Farm-to-table meals let you dine right at the source

ByABC News
October 23, 2008, 8:28 PM

— -- On a recent fall night, more than 100 people shelled out nearly $200 to tromp through a rural Virginia field in the near-dark to an outdoor table illuminated only by candles. Their reward? A five-course meal from chef Anthony Chittum of Vermillion in Alexandria that included crispy soft-shell crabs, cornmeal-crusted catfish, bison chops and peach-and-blackberry pie all made on a makeshift kitchen at the George Washington Birthplace National Monument.

The site was two hours away from Chittum's restaurant but just a stone's throw from the aquafarm where the catfish were raised.

Such farm-to-table dinners where diners interact with farmers, even eating their meals outside are the cornerstone behind Outstanding in the Field, a group founded by California surfer-turned-chef Jim Denevan. The group travels around the country promoting locally grown food.

The movement has taken root among foodies around the USA. Chefs nationwide are hosting farm dinners in their restaurants, and organizations such as Meadow Lark Farm Dinners in Colorado and Plate & Pitchfork in Oregon are bringing diners and the meal to the farm.

"When we started doing dinners, 'local,' 'sustainable' and 'organic' were not buzzwords," says Erika Polmar, one of the co-founders of Plate & Pitchfork, which began hosting dinners at Portland-area farms six years ago. "Now everyone is talking about that."

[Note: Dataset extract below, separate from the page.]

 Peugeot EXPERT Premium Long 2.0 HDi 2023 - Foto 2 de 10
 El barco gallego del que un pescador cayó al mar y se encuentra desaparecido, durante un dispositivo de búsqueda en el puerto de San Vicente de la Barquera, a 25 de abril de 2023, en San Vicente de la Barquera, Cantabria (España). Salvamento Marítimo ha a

Denevan has seen his events blossom since the mid-1990s, when he first hosted dinners where area farmers came to his restaurant to provide commentary with meals created from their produce. Guests ate up the experience, and the next step seemed obvious to Denevan: take the meal to the farmer's field. In 1999, he hosted three dinners in California farm fields. Half of the guests were family and friends.

That first year "was a money loser," Denevan says. "It was pretty difficult to convince people to come out to the farms. But seeing the farmer give a tour and having the table right at the (food) source, well, that was profound."